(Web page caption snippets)
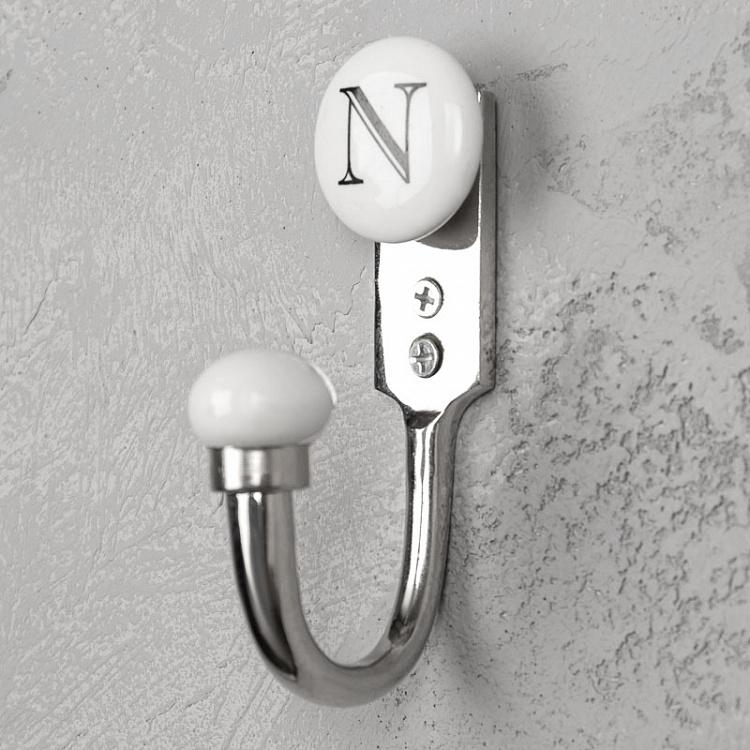 Однорожковый крючок с буквой N Alphabet Hook N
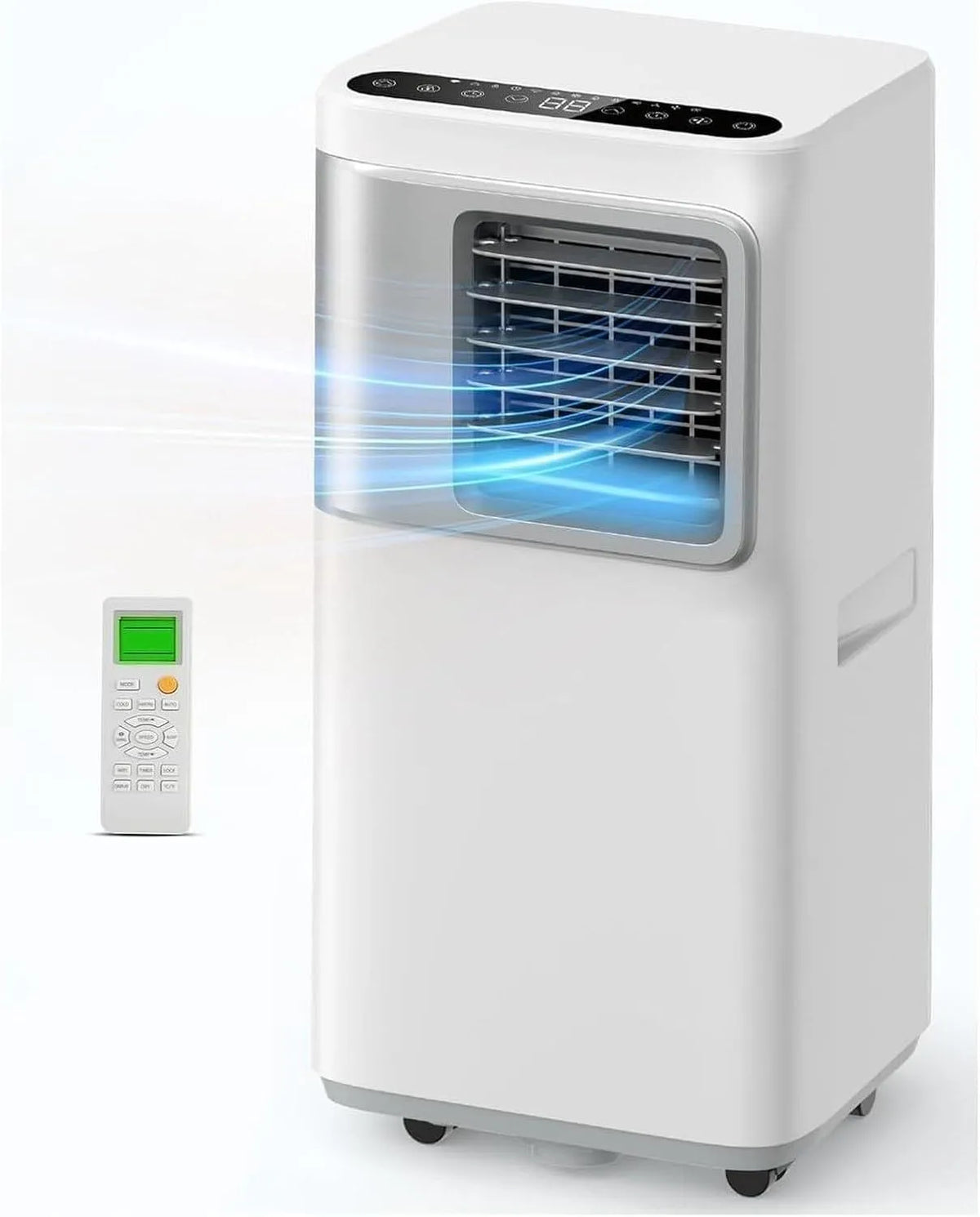 Mobiele airconditioner en Luchtontvochtiger, 70 m2, 5-in-1, energiezuinig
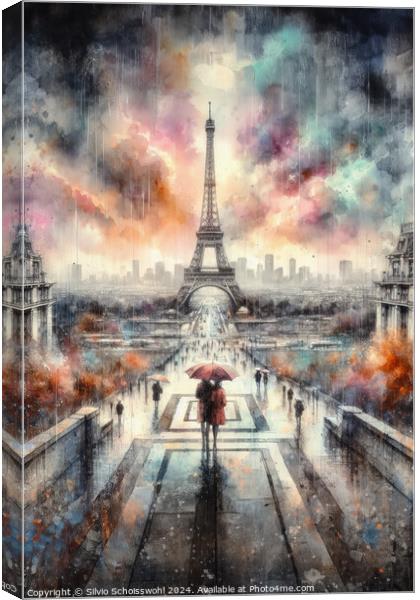 city ​​of love Canvas Print by Silvio Schoisswohl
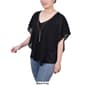Womens NY Collection Jacquard Chiffon Lined Poncho - image 3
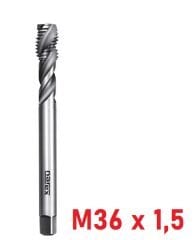 M36 x 1,5 İnce Diş Helis Makine Kılavuzu DIN374/C HSS-E
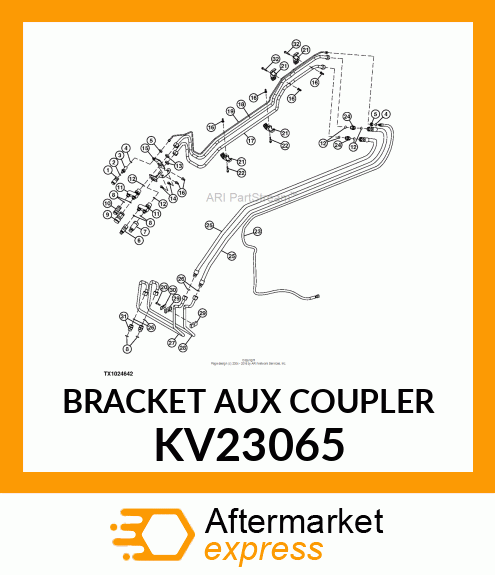 BRACKET AUX COUPLER KV23065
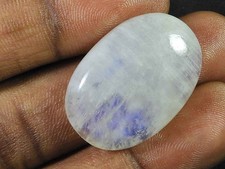 AAA Natürlicher Regenbogen Mondstein Oval Cabochon Lose Lose Edelstein 20X38X7MM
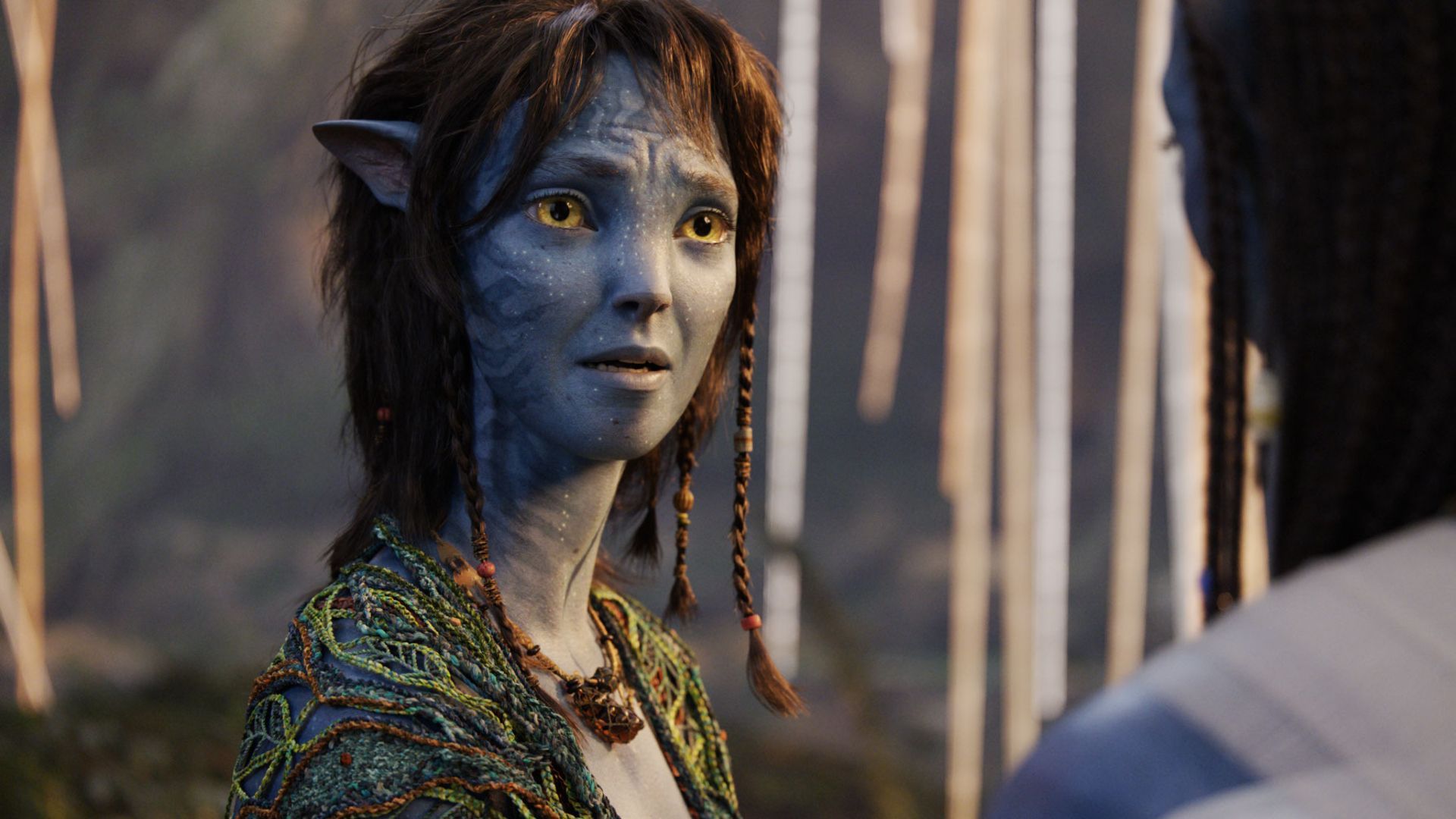 1920x1080 Sigourney Weaver Breaks Down Kiri's Aliens Like Moment In Avatar: Fire And Ash Ending: Her Pain Is Real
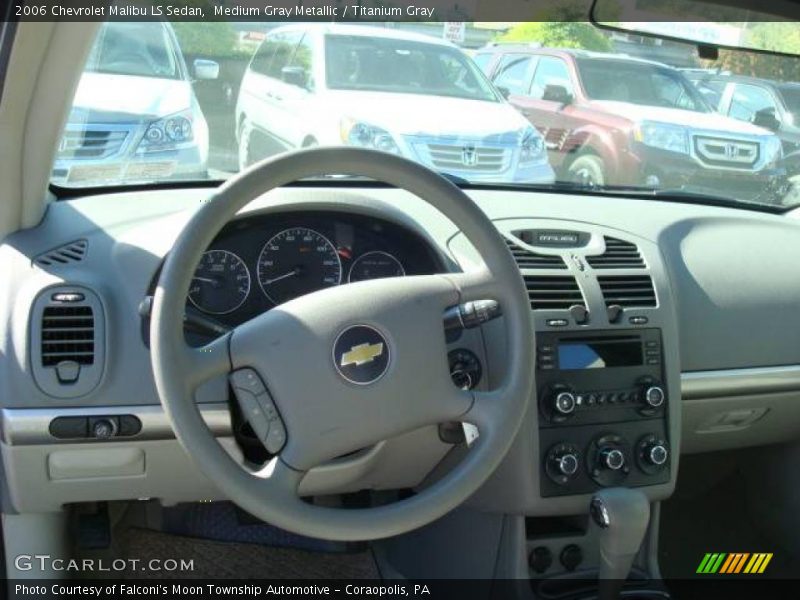 Medium Gray Metallic / Titanium Gray 2006 Chevrolet Malibu LS Sedan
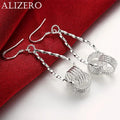 Fashion charms 925 Sterling Silver Net beads long Earrings for Women Pretty fashion party wedding Jewelry Holiday Gifts Vera Lux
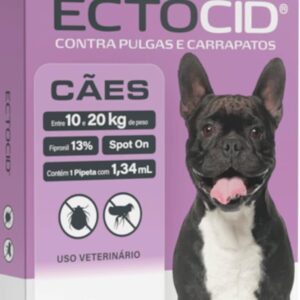 Antipulgas Ectocid para Cães de 10 à 20 kg Agener 1,34ml - Agener União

(Exercise description): All lines above starting at the one with "Womens NY Collection" and ending at the one with "AAA Natürlicher Regenbogen", inclusive, are to be printed again exactly, with the pictures left out.

(Answer):
Womens NY Collection Jacquard Chiffon Lined Poncho - image 3
 M36 x 1,5 İnce Diş Helis Makine Kılavuzu DIN374/C HSS-E
 BRACKET AUX COUPLER KV23065
 AAA Natürlicher Regenbogen Mondstein Oval Cabochon Lose Lose Edelstein 20X38X7MM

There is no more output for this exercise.